One feature all eudicots share is the shape of their pollen grains, which have three pores through which the plant's sperm cells are released. But there is no three-pored pollen in the clay where the fossil was found. That's puzzling, Jud says, since pollen has a hard shell that preserves it in the fossil record. Scientists use pollen as a marker of geologic time and environmental conditions, so a change in the evolutionary sequence of eudicots and their pollen could have important implications for many types of analyses.
"Either the plant was very rare, and we just missed its pollen," Jud says, "or it's possible that eudicot leaves evolved before (three-pored) pollen did."
Jud consulted paleobotanist Leo J. Hickey, who collected the leaf fossil at Dutch Gap in 1974. Hickey, a former director of Yale's Peabody Museum of Natural History, agreed the plant is an early eudicot. Hickey became a co-author of Jud's research paper, but he died of cancer in February 2013, before the paper could be published.

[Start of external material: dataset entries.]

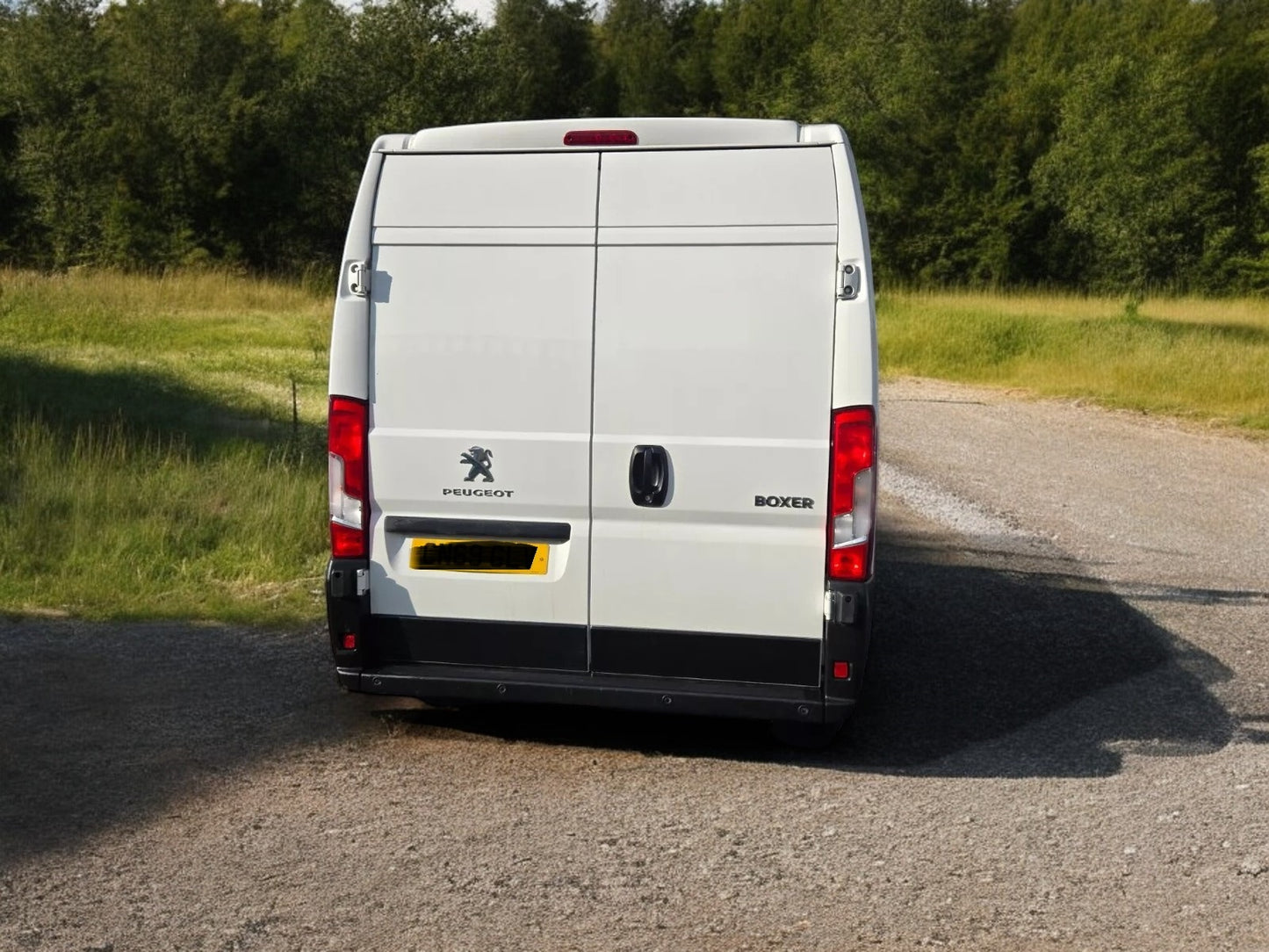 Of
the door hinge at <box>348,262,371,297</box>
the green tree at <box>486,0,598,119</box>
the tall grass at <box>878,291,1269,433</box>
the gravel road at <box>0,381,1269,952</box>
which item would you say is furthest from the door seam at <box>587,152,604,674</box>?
the green tree at <box>486,0,598,119</box>

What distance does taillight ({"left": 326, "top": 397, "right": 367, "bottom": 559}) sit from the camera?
5371 millimetres

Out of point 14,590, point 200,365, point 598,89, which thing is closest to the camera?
point 14,590

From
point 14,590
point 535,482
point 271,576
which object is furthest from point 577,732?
point 14,590

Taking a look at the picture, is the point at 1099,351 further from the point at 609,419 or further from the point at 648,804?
the point at 648,804

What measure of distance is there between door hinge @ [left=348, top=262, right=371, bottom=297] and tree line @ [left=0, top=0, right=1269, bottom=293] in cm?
3985

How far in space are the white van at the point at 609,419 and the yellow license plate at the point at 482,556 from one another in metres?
0.01

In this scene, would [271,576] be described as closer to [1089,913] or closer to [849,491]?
[849,491]

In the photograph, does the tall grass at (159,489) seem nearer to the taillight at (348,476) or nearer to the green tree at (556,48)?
the taillight at (348,476)

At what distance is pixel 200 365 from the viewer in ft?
65.2

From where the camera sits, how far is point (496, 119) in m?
47.9

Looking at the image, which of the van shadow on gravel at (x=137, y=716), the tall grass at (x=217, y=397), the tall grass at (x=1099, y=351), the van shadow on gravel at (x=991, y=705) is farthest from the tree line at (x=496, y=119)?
the van shadow on gravel at (x=991, y=705)

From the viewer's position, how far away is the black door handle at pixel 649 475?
17.1ft

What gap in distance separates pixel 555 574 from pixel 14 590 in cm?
409

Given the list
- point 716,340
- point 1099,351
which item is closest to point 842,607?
point 716,340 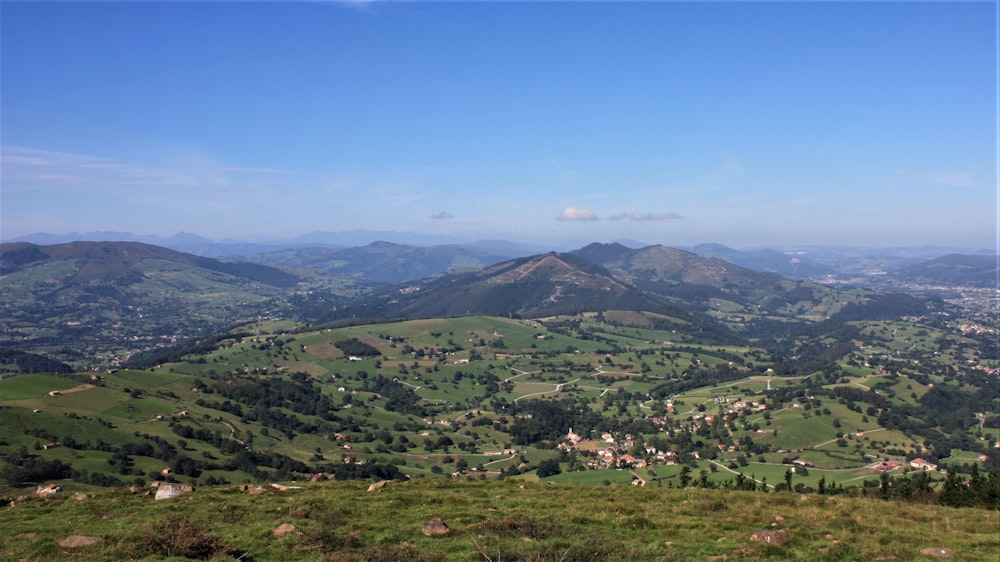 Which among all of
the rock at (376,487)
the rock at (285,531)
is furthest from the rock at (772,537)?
the rock at (376,487)

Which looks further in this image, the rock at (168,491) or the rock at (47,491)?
the rock at (47,491)

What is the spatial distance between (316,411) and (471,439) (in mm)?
36717

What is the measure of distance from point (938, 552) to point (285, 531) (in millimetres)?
19480

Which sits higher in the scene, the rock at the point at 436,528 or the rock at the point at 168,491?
the rock at the point at 436,528

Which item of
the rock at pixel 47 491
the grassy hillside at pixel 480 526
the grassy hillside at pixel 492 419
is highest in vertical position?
the grassy hillside at pixel 480 526

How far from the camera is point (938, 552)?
15.6 metres

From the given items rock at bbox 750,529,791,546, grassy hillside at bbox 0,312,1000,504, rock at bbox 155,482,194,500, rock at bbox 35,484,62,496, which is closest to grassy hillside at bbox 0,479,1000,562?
rock at bbox 750,529,791,546

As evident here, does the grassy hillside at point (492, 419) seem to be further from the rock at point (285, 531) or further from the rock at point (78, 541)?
the rock at point (78, 541)

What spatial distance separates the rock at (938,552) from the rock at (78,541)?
79.2 ft

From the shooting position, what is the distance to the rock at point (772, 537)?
1593 cm

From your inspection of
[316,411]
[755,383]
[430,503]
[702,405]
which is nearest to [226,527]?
[430,503]

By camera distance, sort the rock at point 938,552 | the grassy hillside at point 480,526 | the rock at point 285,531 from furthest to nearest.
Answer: the rock at point 938,552 → the rock at point 285,531 → the grassy hillside at point 480,526

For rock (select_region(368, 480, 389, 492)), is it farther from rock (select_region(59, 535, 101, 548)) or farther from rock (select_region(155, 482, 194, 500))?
rock (select_region(59, 535, 101, 548))

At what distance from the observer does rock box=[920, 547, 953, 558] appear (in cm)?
1545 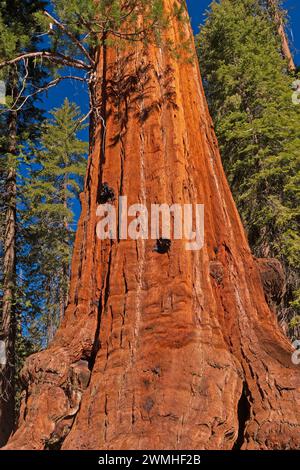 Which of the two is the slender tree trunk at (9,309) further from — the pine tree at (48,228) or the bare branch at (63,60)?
the bare branch at (63,60)

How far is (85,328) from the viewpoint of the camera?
457 cm

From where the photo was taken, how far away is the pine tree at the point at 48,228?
39.0 ft

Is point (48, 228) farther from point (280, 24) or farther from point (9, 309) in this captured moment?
point (280, 24)

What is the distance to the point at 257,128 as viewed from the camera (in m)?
11.8

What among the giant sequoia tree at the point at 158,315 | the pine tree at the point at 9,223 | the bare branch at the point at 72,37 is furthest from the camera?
the pine tree at the point at 9,223

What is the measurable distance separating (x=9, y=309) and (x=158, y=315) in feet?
24.4

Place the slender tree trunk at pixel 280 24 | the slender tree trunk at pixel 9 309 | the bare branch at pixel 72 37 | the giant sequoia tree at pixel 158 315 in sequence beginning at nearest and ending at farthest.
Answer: the giant sequoia tree at pixel 158 315
the bare branch at pixel 72 37
the slender tree trunk at pixel 9 309
the slender tree trunk at pixel 280 24

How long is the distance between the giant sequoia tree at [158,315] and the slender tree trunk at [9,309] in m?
5.26

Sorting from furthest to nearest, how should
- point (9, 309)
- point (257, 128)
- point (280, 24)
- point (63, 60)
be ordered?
point (280, 24), point (257, 128), point (9, 309), point (63, 60)

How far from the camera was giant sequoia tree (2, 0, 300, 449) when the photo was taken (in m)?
3.52

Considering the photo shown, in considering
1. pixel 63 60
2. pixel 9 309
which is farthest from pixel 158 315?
pixel 9 309

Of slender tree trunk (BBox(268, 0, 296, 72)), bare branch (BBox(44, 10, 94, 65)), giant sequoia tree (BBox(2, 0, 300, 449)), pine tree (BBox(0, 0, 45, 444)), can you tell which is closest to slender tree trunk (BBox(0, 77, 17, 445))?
pine tree (BBox(0, 0, 45, 444))

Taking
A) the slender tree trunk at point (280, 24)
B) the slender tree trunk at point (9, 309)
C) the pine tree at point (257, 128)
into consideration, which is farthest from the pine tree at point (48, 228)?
the slender tree trunk at point (280, 24)

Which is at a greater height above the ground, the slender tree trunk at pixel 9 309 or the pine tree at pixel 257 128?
the pine tree at pixel 257 128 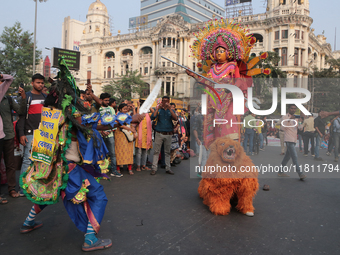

It was Hickey who told Jud the history of the Dutch Gap site, where Union generals trying to capture Richmond in 1864 thought the canal would be a strategic shortcut. Hickey knew the black laborers who dug the canal were forced to work against their will, though most modern histories don't say so.
Jud turned to Steven Miller, co-editor of the University of Maryland's Freedmen and Southern Society Project, where researchers analyze 2 million documents about former slaves' passage from bondage to freedom. Miller unearthed a protest letter from 45 impressed freedmen to the command of Union Gen. Benjamin Butler.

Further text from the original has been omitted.